There are many different factors that contribute to dFakto’s ability to deliver insights and results quickly and accurately. One of them is its proprietary “dataFactory”, that uses a “data vaulting” process for inputting data.
dFakto creates a “dataFactory” with the data it receives from the client. This is entered into the factory using a “data vaulting” process that catalogues everything, regardless of the kind of operating system it comes from. It’s a rigorous and systematic way of storing the data, and ensures that changes are not possible once the data has been entered into the system without it being noted somewhere. Not only does this enable an auditor to trace values back to their original source but it lets the project manager see who has updated a particular data field, and when. This means that every entry is accompanied by record source and load date attributes for easy traceability.
The fundamental principles of the data factory mean that there is no distinction at this stage between good and bad data – this aspect is only considered and worked on after the data has first been stored – thereby confirming there is only “a single version of the facts”.
A systematic methodology
The dataFactory is conceived around a model of how the client does its business. In this way it mirrors the critical information that is needed to solve a client’s problem. Furthermore the incoming data is broken down into its most elemental parts and then archived. This means that if ever new data fields or new sources are added, there is no need to reconfigure the database architecture.
dFakto starts by understanding the problem
When dFakto looks to solve a client’s data analysis problem, they start by understanding the business problem and not from the mountain of data available within the company. dFakto business analysts therefore ask themselves what precise answers are needed to make a decision, and what data will be able to provide this answer. This means they only source the data they need that will solve the problem posed.

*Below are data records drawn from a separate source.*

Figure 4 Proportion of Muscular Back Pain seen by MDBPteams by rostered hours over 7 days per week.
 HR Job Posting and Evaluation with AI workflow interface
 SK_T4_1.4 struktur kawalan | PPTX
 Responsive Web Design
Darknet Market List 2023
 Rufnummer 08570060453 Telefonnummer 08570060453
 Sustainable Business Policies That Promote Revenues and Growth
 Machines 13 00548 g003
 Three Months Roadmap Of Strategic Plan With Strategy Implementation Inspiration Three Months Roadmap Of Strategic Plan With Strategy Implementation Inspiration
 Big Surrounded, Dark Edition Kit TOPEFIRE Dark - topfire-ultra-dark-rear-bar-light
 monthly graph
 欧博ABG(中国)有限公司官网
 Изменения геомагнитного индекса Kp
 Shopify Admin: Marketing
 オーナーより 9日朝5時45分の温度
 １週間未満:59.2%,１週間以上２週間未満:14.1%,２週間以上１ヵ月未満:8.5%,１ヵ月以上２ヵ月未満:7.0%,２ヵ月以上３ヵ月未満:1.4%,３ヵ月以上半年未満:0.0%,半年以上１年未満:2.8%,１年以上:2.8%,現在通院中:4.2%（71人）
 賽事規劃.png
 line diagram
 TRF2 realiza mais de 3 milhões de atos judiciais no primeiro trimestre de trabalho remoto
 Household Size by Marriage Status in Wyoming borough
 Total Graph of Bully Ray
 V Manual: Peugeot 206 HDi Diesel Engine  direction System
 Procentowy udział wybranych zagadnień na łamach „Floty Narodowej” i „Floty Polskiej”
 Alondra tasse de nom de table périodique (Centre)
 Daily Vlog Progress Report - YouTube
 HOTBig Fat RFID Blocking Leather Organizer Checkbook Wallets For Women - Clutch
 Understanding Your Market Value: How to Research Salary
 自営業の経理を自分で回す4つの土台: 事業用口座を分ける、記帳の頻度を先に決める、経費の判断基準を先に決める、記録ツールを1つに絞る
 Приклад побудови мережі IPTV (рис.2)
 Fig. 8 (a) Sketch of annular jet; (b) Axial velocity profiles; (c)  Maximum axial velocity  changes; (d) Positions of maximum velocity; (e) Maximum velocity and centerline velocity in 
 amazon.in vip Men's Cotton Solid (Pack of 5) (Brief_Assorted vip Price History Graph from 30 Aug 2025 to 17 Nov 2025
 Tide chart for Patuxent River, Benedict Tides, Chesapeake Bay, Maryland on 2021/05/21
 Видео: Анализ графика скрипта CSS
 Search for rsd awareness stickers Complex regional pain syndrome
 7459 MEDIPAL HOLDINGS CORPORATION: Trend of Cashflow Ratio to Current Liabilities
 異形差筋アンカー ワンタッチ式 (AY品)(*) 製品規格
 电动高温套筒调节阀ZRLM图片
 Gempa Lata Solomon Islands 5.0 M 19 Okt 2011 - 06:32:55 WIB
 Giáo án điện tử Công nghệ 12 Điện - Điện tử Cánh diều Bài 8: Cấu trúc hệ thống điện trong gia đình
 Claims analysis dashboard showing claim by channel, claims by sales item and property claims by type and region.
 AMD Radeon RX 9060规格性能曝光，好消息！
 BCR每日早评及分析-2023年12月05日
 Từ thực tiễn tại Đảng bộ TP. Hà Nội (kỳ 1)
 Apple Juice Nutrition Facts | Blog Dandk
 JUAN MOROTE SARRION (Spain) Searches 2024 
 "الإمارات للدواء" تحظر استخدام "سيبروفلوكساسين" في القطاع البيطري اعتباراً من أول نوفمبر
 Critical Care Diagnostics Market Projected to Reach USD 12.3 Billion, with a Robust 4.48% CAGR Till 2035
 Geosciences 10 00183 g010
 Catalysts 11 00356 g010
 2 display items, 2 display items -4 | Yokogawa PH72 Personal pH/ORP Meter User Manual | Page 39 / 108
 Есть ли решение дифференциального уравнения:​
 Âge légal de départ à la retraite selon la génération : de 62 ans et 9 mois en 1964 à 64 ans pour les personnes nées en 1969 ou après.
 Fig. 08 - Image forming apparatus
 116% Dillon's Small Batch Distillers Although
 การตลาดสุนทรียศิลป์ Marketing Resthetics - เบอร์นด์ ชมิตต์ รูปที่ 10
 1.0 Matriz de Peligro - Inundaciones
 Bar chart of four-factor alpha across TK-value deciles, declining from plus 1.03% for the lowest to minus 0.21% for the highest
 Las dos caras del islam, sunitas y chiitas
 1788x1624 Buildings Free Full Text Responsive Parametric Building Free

Not necessarily ‘Big Data’ but the ‘Right data’
The advantages of this type of a system are multiple. The input data is always raw data with no previous manipulations – in this way they can track exactly where it has come from and whether it’s correct, and who/where it was inputted. Better still, it doesn’t matter how complex the model for the problem becomes or how many new data sources are added. In this way, there is never any need to go back to the beginning and start the whole process again. It means that if another problem arises, and the same data is required, then everybody is able to access the same ‘input’ for any problem solving required.
In conclusion, dFakto therefore doesn’t necessarily do “big data”, though it can and does, instead it works with the “the right data”. The company uses its business analysis expertise and experience to unpack a client’s problem and see precisely what information is needed to answer a specific question. The result is less time spent on collecting and checking the data, and far more time on understanding and interpreting what the results mean. Better still, clients will enjoy peace of mind, as they know that the answers and insights generated are based on the most recent available data.